Secure VPS Setup
A production-ready VPS security configuration with Tailscale-only SSH access and CrowdSec intrusion prevention.
Overview
This guide configures three security layers:
| Layer | Protection |
|---|---|
| SSH | Tailscale only (invisible to internet) |
| Firewall | firewalld with DROP policy |
| IPS | CrowdSec with community blocklists |
Prerequisites
- Fresh Ubuntu 24.04 VPS
- Tailscale account
- Initial SSH access via public IP (temporary)
- Cloudflare account for HTTPS termination
Step 1: Initial System Hardening
Before anything else, enable automatic security updates and time sync:
# Automatic security updates
apt update && apt install -y unattended-upgrades
dpkg-reconfigure -plow unattended-upgrades
# Verify time sync (enabled by default on Ubuntu 24.04)
timedatectl set-ntp true
timedatectl status
# Basic kernel hardening
cat > /etc/sysctl.d/99-security.conf << 'EOF'
# SYN flood protection
net.ipv4.tcp_syncookies = 1
# Reverse path filtering (anti-spoofing)
net.ipv4.conf.all.rp_filter = 1
net.ipv4.conf.default.rp_filter = 1
# Disable ICMP redirects
net.ipv4.conf.all.accept_redirects = 0
net.ipv4.conf.all.send_redirects = 0
net.ipv6.conf.all.accept_redirects = 0
# Ignore ICMP broadcasts
net.ipv4.icmp_echo_ignore_broadcasts = 1
EOF
sysctl --system
Step 2: Install Tailscale
Important: Use the official repository, NOT the Snap package (has AppArmor issues with Tailscale SSH on Ubuntu 24.04).
# Add official Tailscale repository
curl -fsSL https://pkgs.tailscale.com/stable/ubuntu/noble.noarmor.gpg | \
tee /usr/share/keyrings/tailscale-archive-keyring.gpg >/dev/null
curl -fsSL https://pkgs.tailscale.com/stable/ubuntu/noble.tailscale-keyring.list | \
tee /etc/apt/sources.list.d/tailscale.list
# Install
apt update
apt install -y tailscale
Step 3: Connect Tailscale with SSH
tailscale up --ssh
This outputs an authentication URL. Open it and authenticate with your Tailscale account.
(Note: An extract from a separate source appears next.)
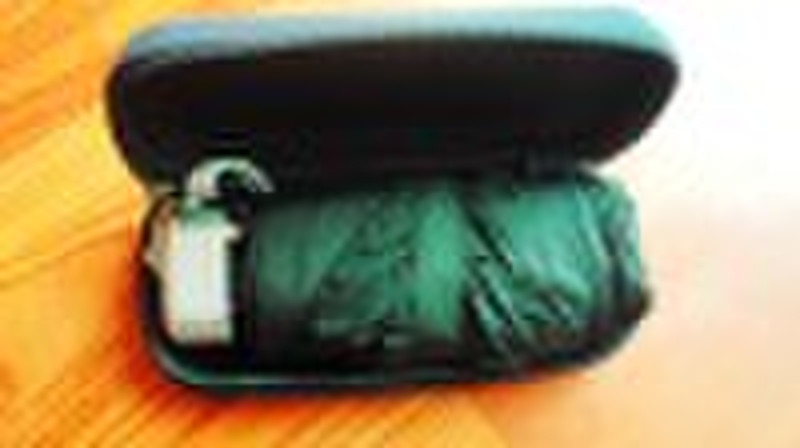 5 folding umbrella with hand bag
Important: After connecting, go to https://login.tailscale.com/admin/machines and disable key expiry for this server to prevent lockouts.
Step 4: Configure firewalld
# Install firewalld
apt install -y firewalld
# Enable and start
systemctl enable --now firewalld
# Trust Tailscale interface (allows all traffic from your tailnet)
firewall-cmd --permanent --zone=trusted --add-interface=tailscale0
# Allow Tailscale UDP port (WireGuard)
firewall-cmd --permanent --add-port=41641/udp
# Allow web traffic (for Gordon reverse proxy)
firewall-cmd --permanent --add-service=http
firewall-cmd --permanent --add-service=https
# Apply changes
firewall-cmd --reload
Note: Gordon's registry is proxied through port 80/443 via
gordon_domain. Port 5000 does NOT need to be exposed publicly.
Step 5: Verify Tailscale SSH Works
From another machine on your tailnet:
# Get the server's Tailscale hostname
tailscale status
# Connect from your local machine
ssh root@<tailscale-hostname>
# or
tailscale ssh root@<tailscale-hostname>
Step 6: Block Public SSH
Only proceed once Tailscale SSH is confirmed working.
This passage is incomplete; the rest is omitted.